Bajo la inspiración de Milton Friedman y en especial de Friedrich Hayek –autor del célebre ensayo “Sindicatos ¿Para Qué?”, de 1959–, Piñera concibió una institucionalidad que tolerara a sindicatos siempre y cuando fueran pequeños y encapsulados. Esa institucionalidad se basaba en 4 pilares: a) Negociación solo de nivel de empresa, prohibida por rama; b) “Huelga que no paraliza”, practicada solo en la negociación colectiva y con reemplazo de trabajadores en huelga; c) Pluralismo a ultranza, permitiendo la competencia de sindicatos entre sí y a la vez con grupos negociadores dentro de la empresa; y d) Despolitización, alejando la acción sindical de los temas país y confinándola a lo local e inmediato (vetando incluso ahí el poder negociar las “facultades administrativas del empleador”).

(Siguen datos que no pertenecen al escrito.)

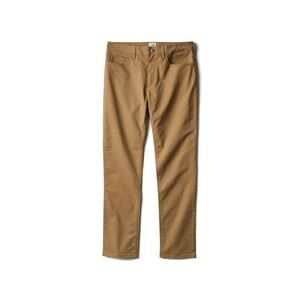 Flint and Tinder 365 Athletic Tapered Pant Khaki 38x32 New With Tags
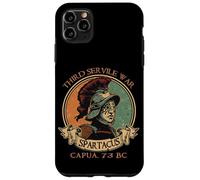 Guerrero Gladiadores Antigua Roma Espartaco Luchador Pro Carcasa para iPhone 11 Pro MAX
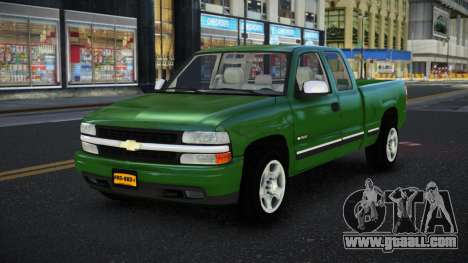 Chevrolet Silverado Irew for GTA 4
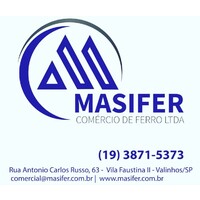 Masifer Comercio De Ferros logo, Masifer Comercio De Ferros contact details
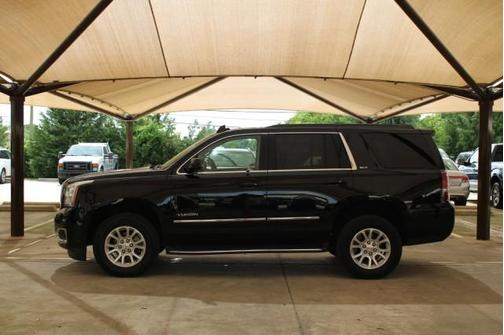 2016 GMC Yukon SLT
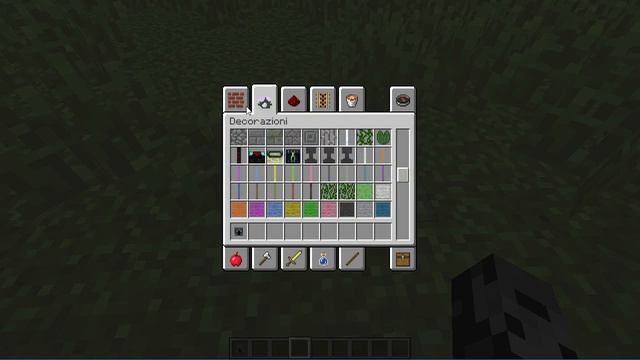 Una GUI 2D? - 2D Blocks GUI - Resource Pack [1.9 - 1.10] смотреть онлайн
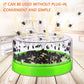 🏆Flash Sale⚡50K+ SOLD! Almost Gone-💥🔌✅ Reusable fly trap—no electricity, no poison! 🏠 Safe to use in the kitchen and around children and pets.1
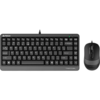Клавиатура + мышь A4Tech Fstyler F1110, Черный вариант - 3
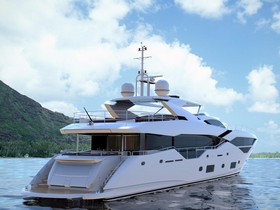 2017 Sunseeker 116 Yacht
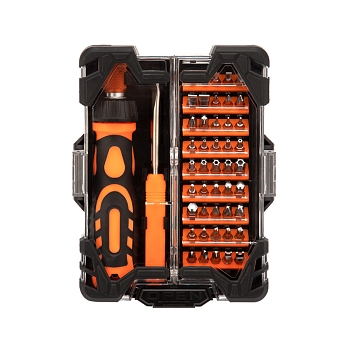 Набор отверток для точных работ 48 предметов KRANZ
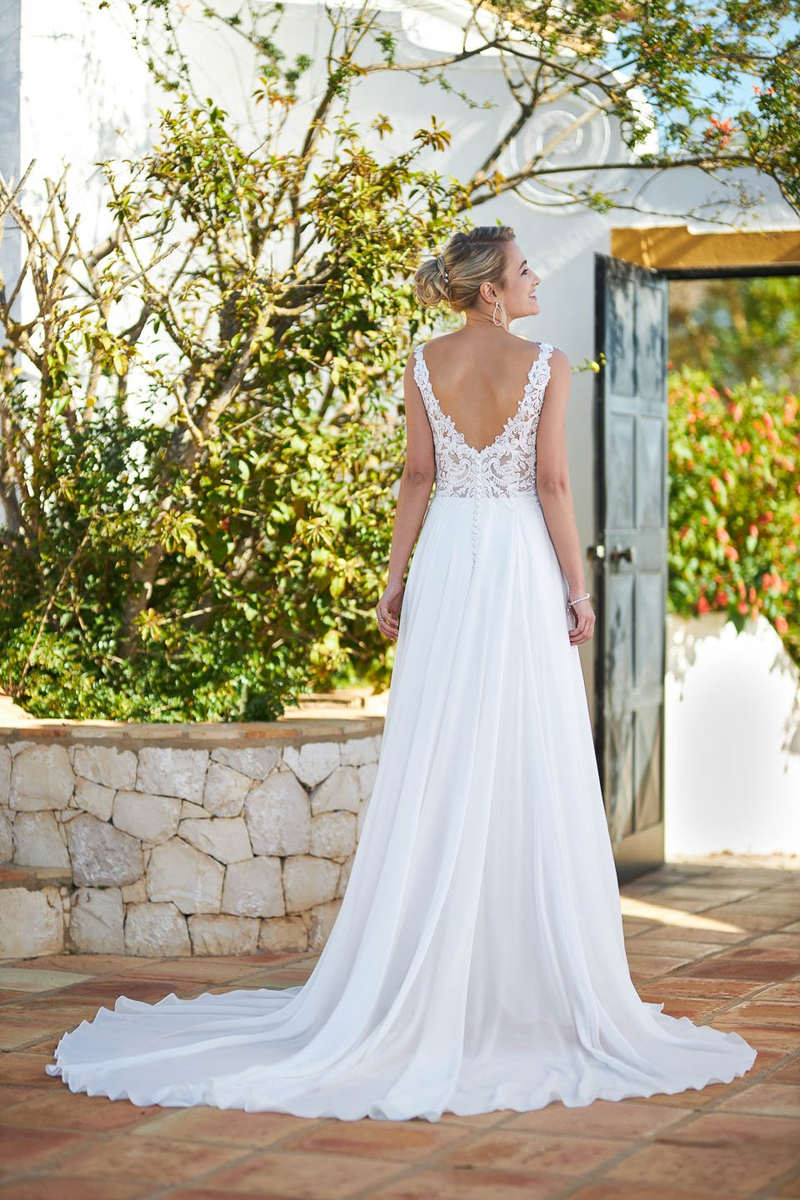 Brautkleider der Kollektion 2021 von Tres Chic - Tres Chic brautkleid kollektion 2021 MTL21273 B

Esta estructura básica, explicitada por el propio José Piñera, sigue vigente y es una guía para chequear en qué grado una reforma que se plantee en oposición al Plan Laboral efectivamente se dirige a desmontarlo (se puede constatar, así, que la actual reforma ni siquiera lo remece).
Ahora bien, importa precisar que la reducción total de la negociación colectiva al espacio más restringido fue el principal cambio del modelo de 1979. Al clausurar la salida del sindicato fuera de la empresa e incentivar su fragmentación, se permitió la primacía absoluta de la acción individual y se cerró una etapa de la vida nacional que aceptaba cohabitar con la fuerza de trabajo organizada.
Respecto a la intervención del Estado en la relación colectiva de trabajo –algo contraintuitivo respecto al imaginario sobre el neoliberalismo- el Plan Laboral la fortaleció, con nuevos amarres procedimentales y mayor regulación de la huelga y la negociación. También en la despolitización persevera, por el potencial de los sindicatos de orientarse contra el nervio vital del sistema económico.
Así como no habría que fetichizar el pasado, no parece razonable desechar a priori algunos elementos solo por haber ocurrido en otro momento. Es válido conocer lo que buscó en esencia desarmar el Plan Laboral de la dictadura, a saber, la amplitud, la unidad y la solidaridad de acción de los trabajadores, como la expresada en estructuras sectoriales, para poder analizar desde allí si eso que atacó es o no todavía pertinente a la hora de enfrentar los problemas del presente.
Hoy, en un país tan desigual, con solo un 14,2% de sindicalización y un 8,4% de trabajadores cubiertos por contratos colectivos, todo parece indicar que velar por un espacio agregado de actuación sindical es la condición misma para que exista el sindicato y, por ende, una voz alternativa a la del empresario en la definición del orden del trabajo. A menos que se piense que los sindicatos ya no son necesarios, caso en el cual sería bueno transparentar la discusión.